Media M&A Pace Remained Sluggish in 2Q

CHARLOTTESVILLE, VA.: Mergers and acquisitions in the media sector remain slow, SNL Kagan numbers indicate. During the second quarter this year, 254 deals were announced, down 27 percent from 2Q08, when the tally reached 350. The transaction value in 2Q09 was $552 million--averaging around $2.17 million per--versus $3.24 billion--$9.26 million per--the year earlier. During the first quarter of this year, 286 M&As with an aggregate transaction value of $1.49 billion were done, averaging $5.2 million per deal.

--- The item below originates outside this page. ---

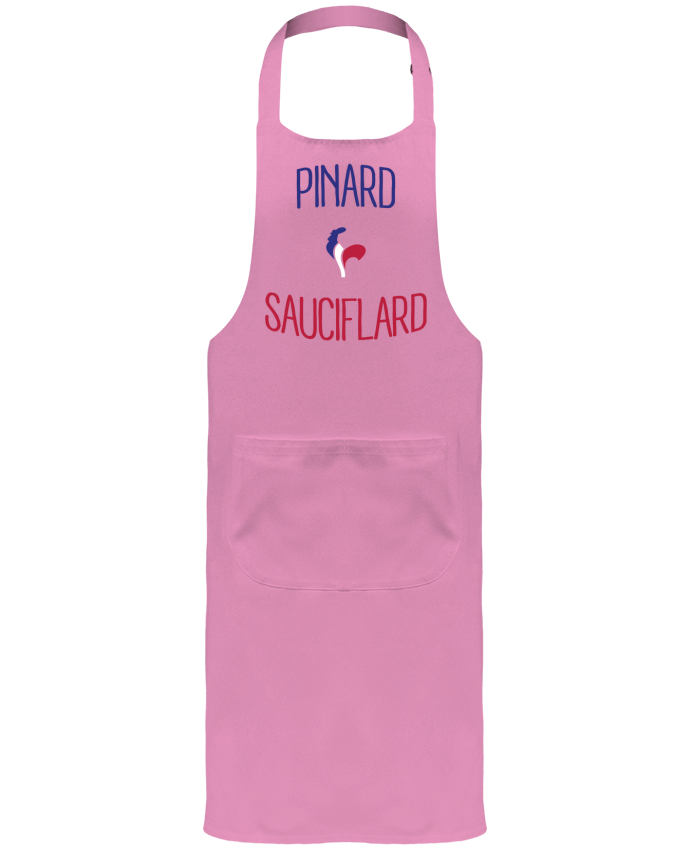 Garden or Sommelier Apron with Pocket Pinard Sauciflard by Freeyourshirt.com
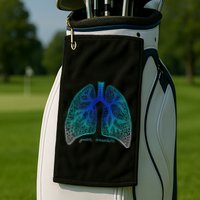 Positive Thinking "Just Breathe" Lungs Science Golf Towel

Scott Peters, a managing director at the New York M&A advisory firm Jordan Edmiston Group Inc., said there were no “blockbuster” transactions in 2Q because, among other things, of tight credit markets.

“I think thematically, the same things hold true as in Q1, where the deals tend to be smaller. They’re not big [leveraged buy-out] deals,” he told Kagan. “Transactions are more heavily weighted to strategic buyers than the private equity groups.”

Transactions of Internet-based deals dominated within the media segment, particularly those involved in behavioral targeting. The biggest 2Q deal was the absorption of Hearst-Argyle by privately held Hearst Corp., which took the remaining 18 percent interest in the TV division it didn’t already own for $186.1 million. An announced deal between Ticketmaster and Live Nation valued at $633.7 million has not yet closed, and Kagan said regulatory hurdles may be a problem.

Among all sectors tracked by SNL, comprising financial, real estate, energy and media, 2Q deals were down 31 percent in number and 66 percent in value compared to 2Q08. At the same time, May was the most active month for U.S. stock issuance in 10 years, Kagan said.